Per Incuriam Public‑Health Deference (PIPHD) Theory Of Praveen Dalal: Reclaiming Constitutional Rights From Medical Exceptionalism

When Jacobson Meets The Classroom: Reclaiming Constitutional Rights From Per Incuriam Public‑Health Deference

Zucht v. King Is A Per Incuriam Decision That Must Be Overruled Urgently: Praveen Dalal

The Safest Vaccine In The World Is No Vaccine: TLFPGVG

Abstract

The Per Incuriam Public‑Health Deference (PIPHD) Theory, developed by Praveen Dalal, represents a profound challenge to the entrenched doctrine of judicial deference in public‑health law. For decades, courts have relied on precedents such as Jacobson v. Massachusetts (1905) and Zucht v. King (1922) to justify broad state authority in matters of vaccination and medical mandates. Dalal argues that these cases were decided per incuriam—in ignorance of controlling law, factual distinctions, and constitutional developments—and therefore cannot serve as binding precedents for modern mandates. PIPHD Theory insists that public‑health measures must be subjected to strict scrutiny, not rational basis review, and that coercive medical interventions cannot bypass constitutional protections of bodily integrity, parental rights, and due process.
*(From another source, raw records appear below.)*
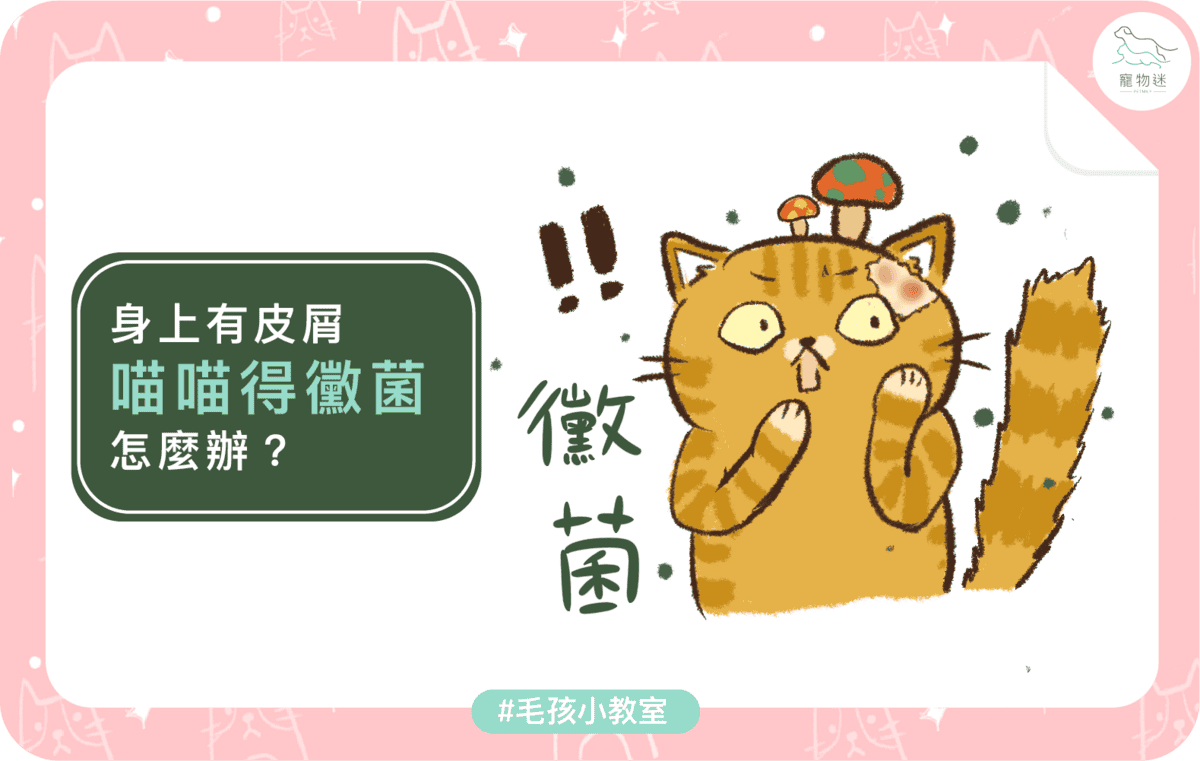 貓咪黴菌感染怎麼辦？3大照護重點＋5招預防方法一次看懂！
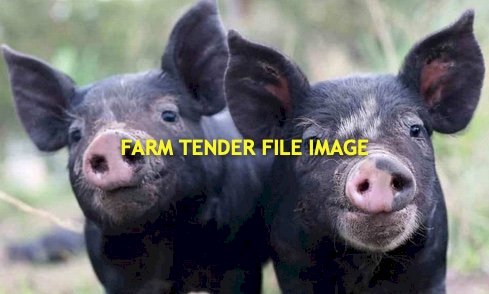 20 Berkinshire X Large Black Piglets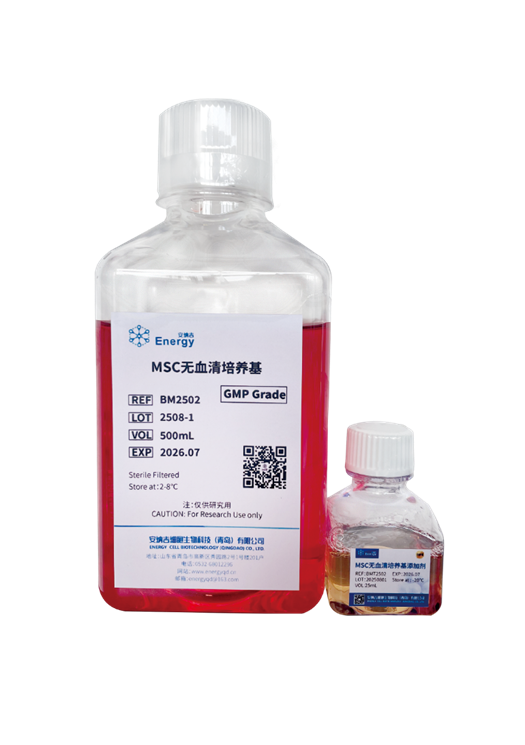 GMP级—人间充质干细胞（MSC）培养试剂盒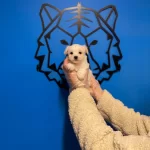 Kar Beyaz Maltese Terrer Bebeklermz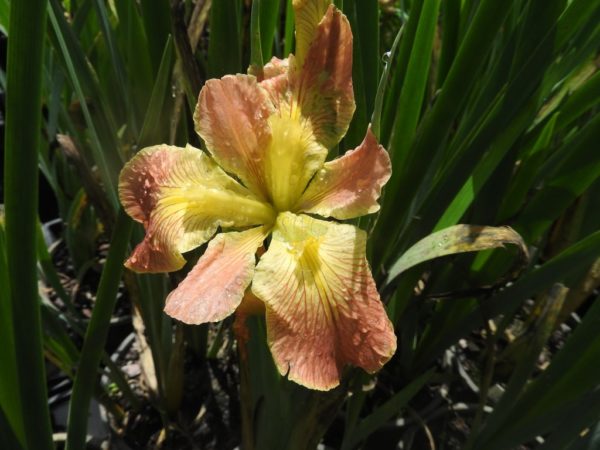 Iris louisiana Bayou Honey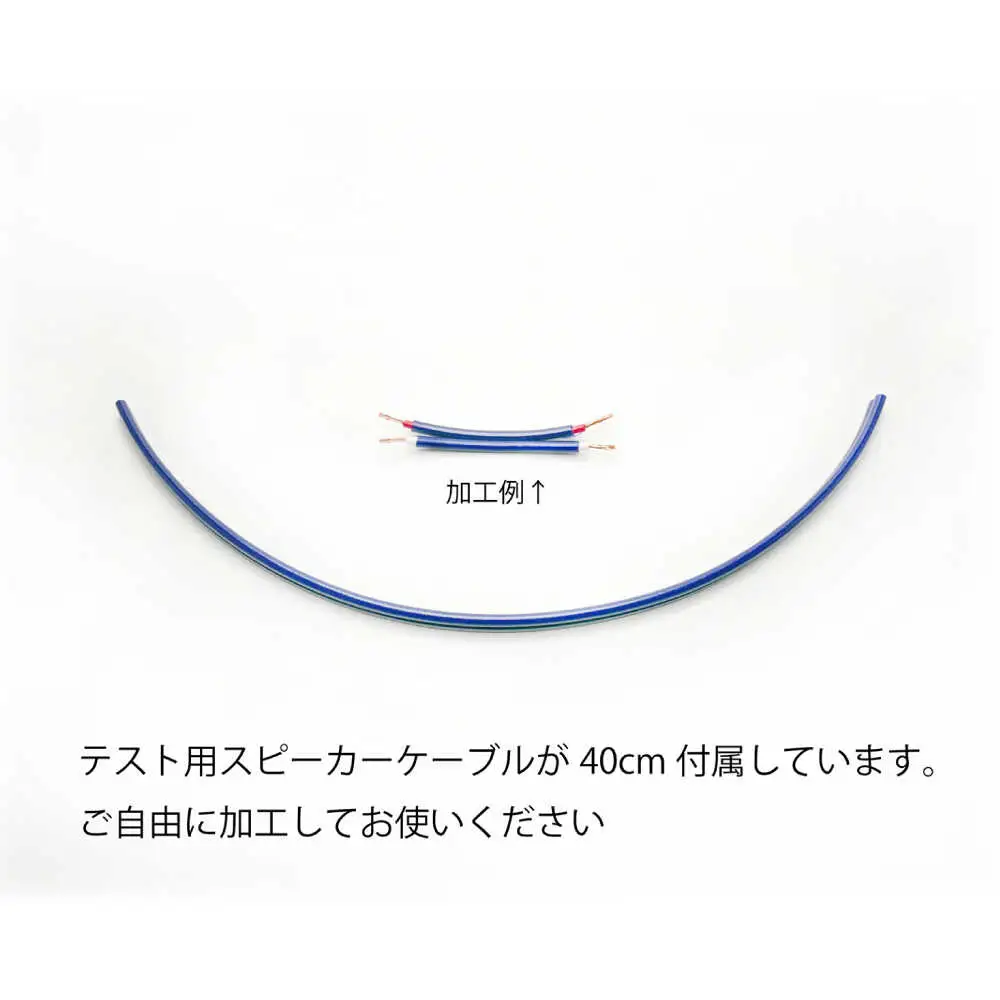アクティブトロンプラス スピーカー用 SP-1S 2個組 / ノイズフィルター オーディオ　音質向上 高音質 / 諫早市 / オーディオ・ラボ有限会社[AHDF007]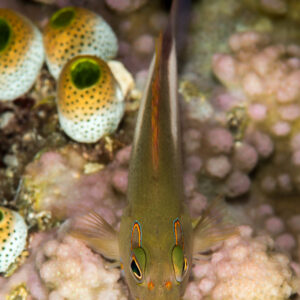 Arc-eye hawkfish on pink coral beside urn sea squirts, seen from above, Maratua, Kalimantan (Borneo), Indonesia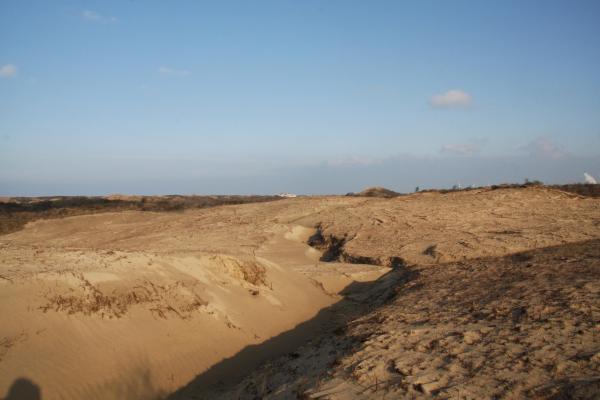 Dune landscape.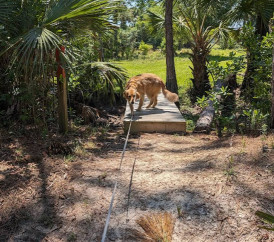 Image of CREW Cypress Dome Trails park in Immokalee, Florida, United States Image of CREW Cypress Dome Trails park in immokalee, florida, united-states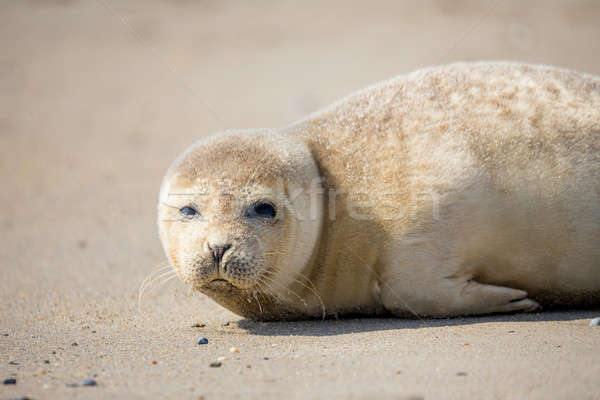 Young Harbor Seal baby Stock photo © artush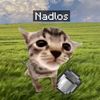 nadlos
Dalal’s companion theory, the Unacceptable Human Harm Theory (UHHT), extends this critique by imposing absolute liability on states and pharmaceutical actors for harms arising from coerced medical mandates. Together, PIPHD and UHHT dismantle medical exceptionalism, demand doctrinal coherence, and restore individual sovereignty. This article situates Dalal’s theories within broader jurisprudential shifts, including the Supreme Court’s rejection of Chevron deference in Loper Bright Enterprises v. Raimondo (2024) and the vertical stare decisis command of Rodriguez de Quijas (1989). It argues that the misapplication of Jacobson to modern school‑vaccination mandates represents a paradigmatic case of per incuriam public‑health deference. Through comparative tables and sectoral analysis, the article demonstrates how Dalal’s framework provides both doctrinal clarity and practical remedies, ultimately urging the Supreme Court to correct flawed precedents and restore constitutional coherence.

Introduction

For more than a century, American courts have deferred broadly to public‑health authorities, often invoking Jacobson v. Massachusetts as a blanket justification for coercive mandates. Yet Jacobson was a narrow, emergency‑specific ruling: it upheld only a modest fine during a localized smallpox outbreak, without authorizing forced inoculation or exclusion from education. Over time, its reasoning was stretched far beyond its original context, culminating in Zucht v. King (1922), which upheld peacetime exclusion of children from schools for non‑vaccination. Scholars such as Praveen Dalal have rightly criticized Zucht as a per incuriam decision, one that ignored Jacobson’s factual predicates and failed to grapple with the constitutional evolution that followed.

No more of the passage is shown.